(ENTRIES SHOWN)

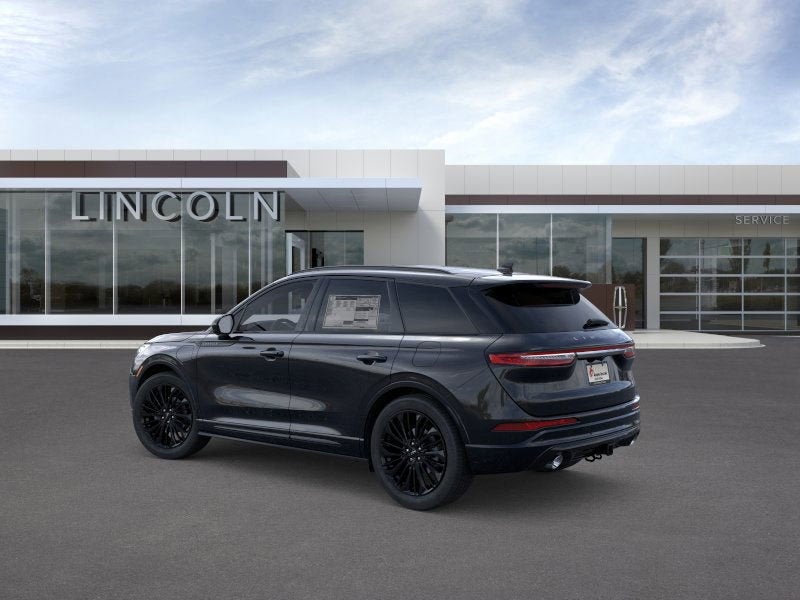 2025 Lincoln Corsair Plug-In Hybrid Grand Touring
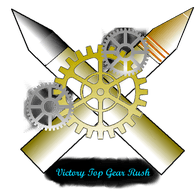 V-TGR emblem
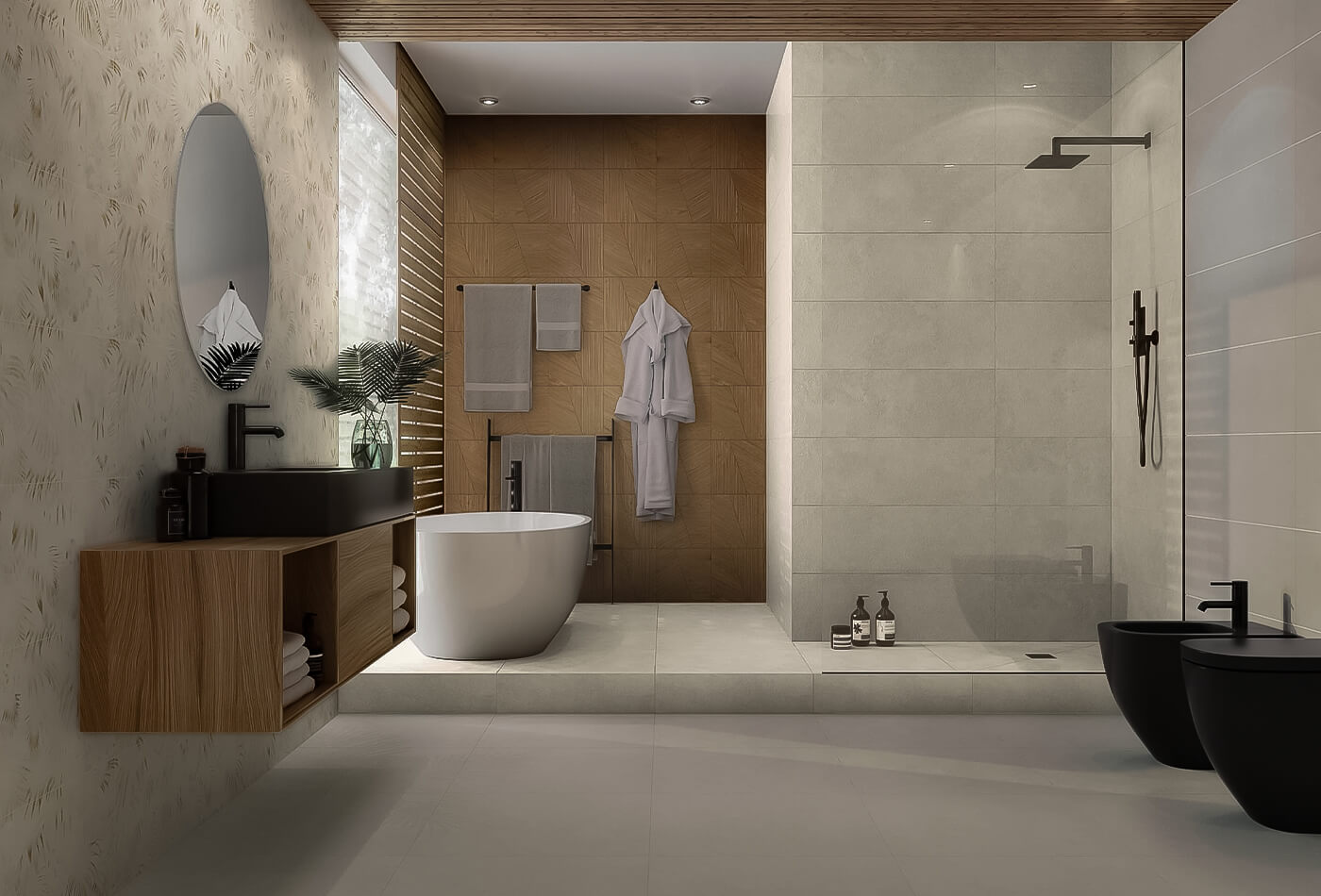 Tile Textures and Finishes: Merging Elegance With Performance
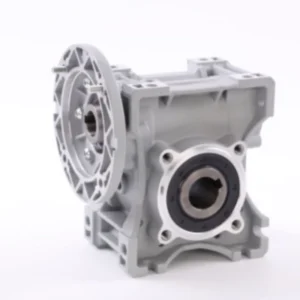 NMRV025 Worm Gearbox – Compact Aluminum Worm Gear Reducer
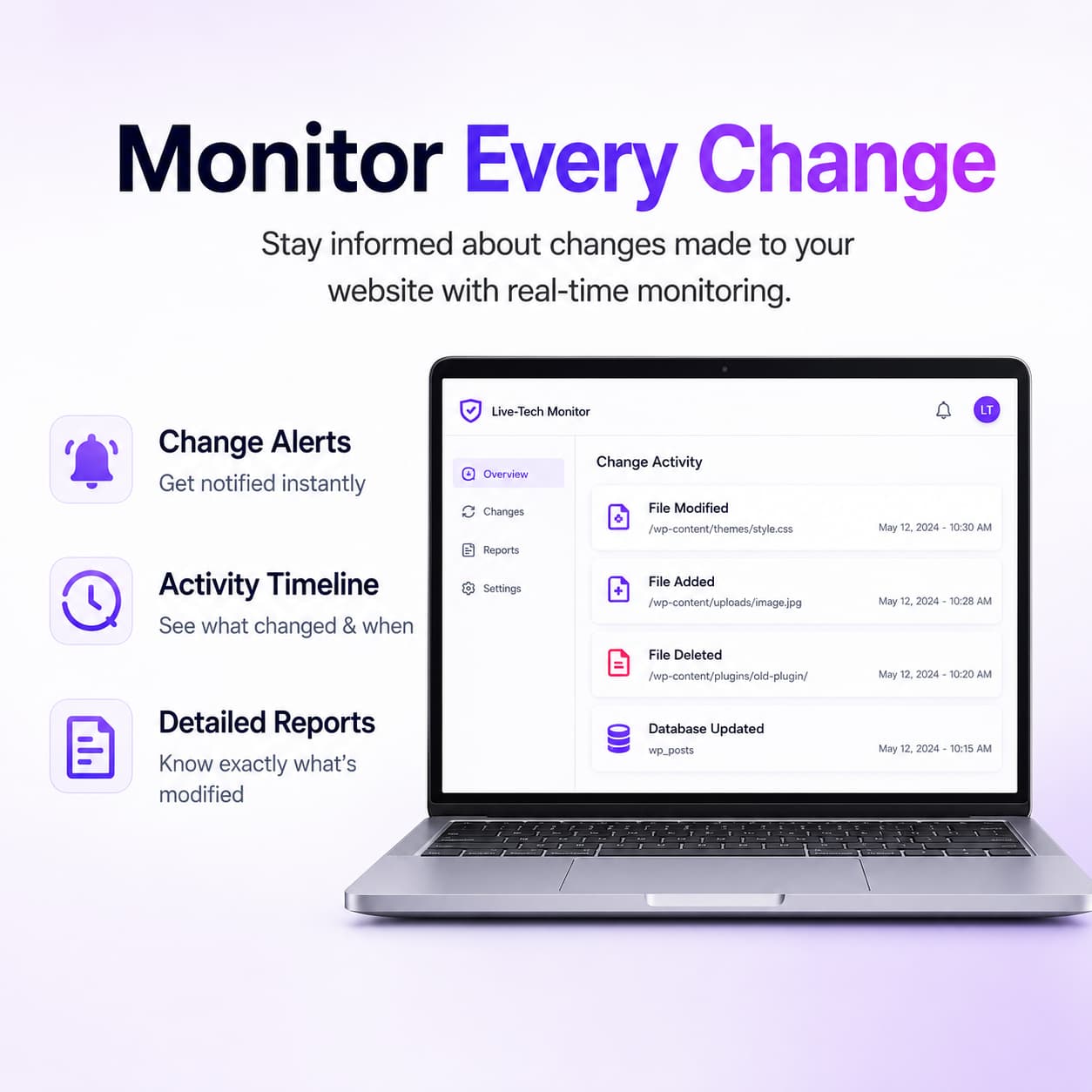 Live-Tech Cloud Website Backup – Starter Plan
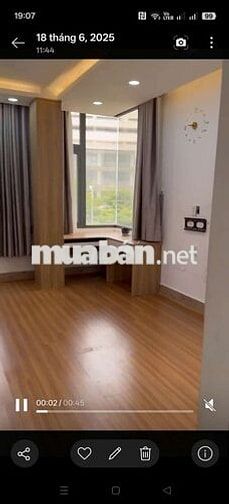 CHO THUÊ NHÀ NGUYÊN CĂN KHU VIP DƯƠNG THỊ GIANG 1 TRỆT 3LẦU. THANG MÁY
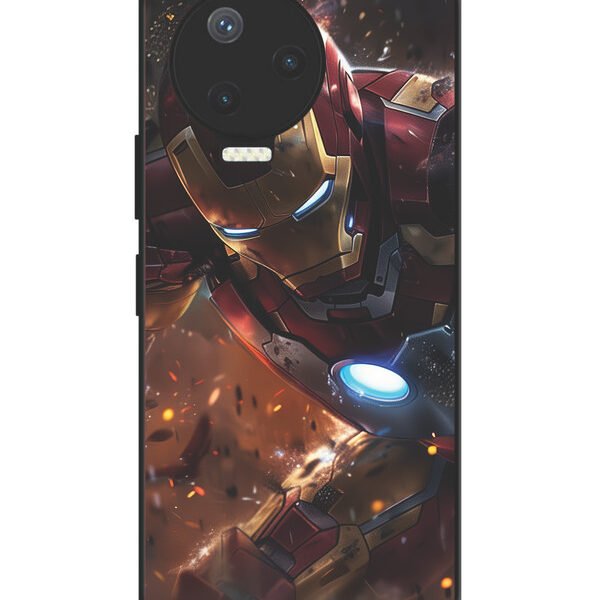 Infinix Note 12 Pro 4G, Metal Cover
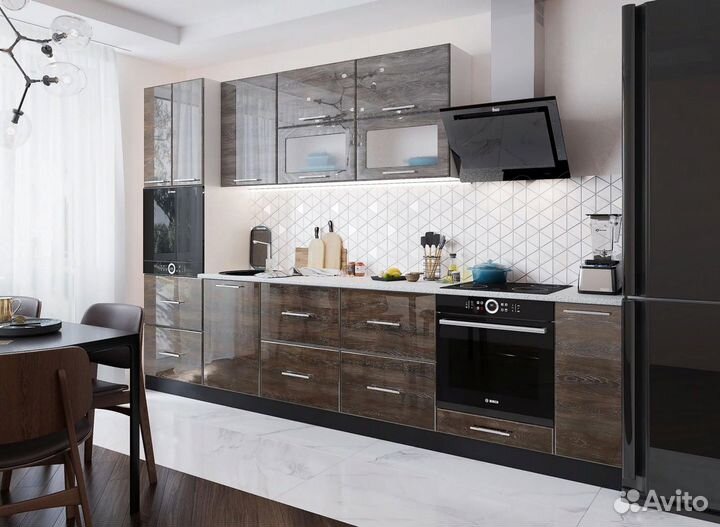 Кухонный гарнитур Танго модульный новый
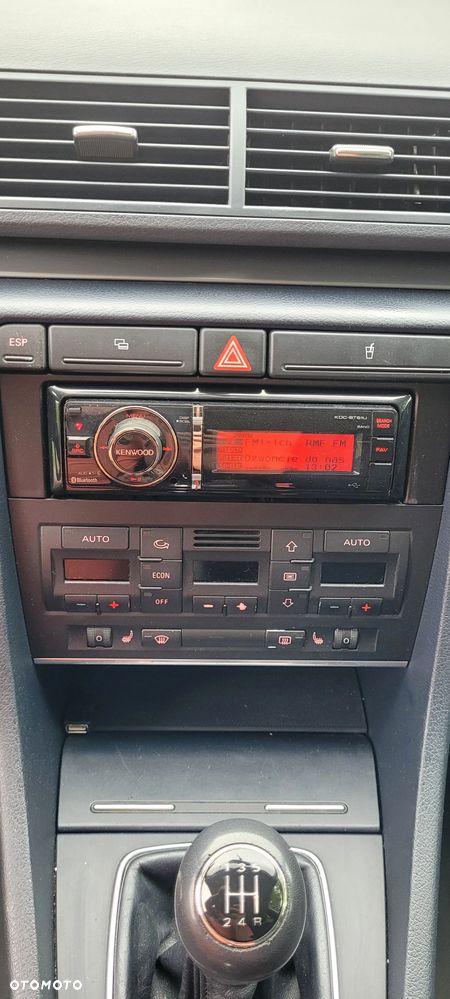Audi A4 Avant 1.9 TDI - 16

(TASK DIRECTIONS) The answer must be the full listing, restated word for word, with no pictures in it.

(TASK OUTPUT)
 2025 Lincoln Corsair Plug-In Hybrid Grand Touring
 V-TGR emblem
 Tile Textures and Finishes: Merging Elegance With Performance
 NMRV025 Worm Gearbox – Compact Aluminum Worm Gear Reducer
 Live-Tech Cloud Website Backup – Starter Plan
 CHO THUÊ NHÀ NGUYÊN CĂN KHU VIP DƯƠNG THỊ GIANG 1 TRỆT 3LẦU. THANG MÁY
 Infinix Note 12 Pro 4G, Metal Cover
 Кухонный гарнитур Танго модульный новый
Audi A4 Avant 1.9 TDI - 16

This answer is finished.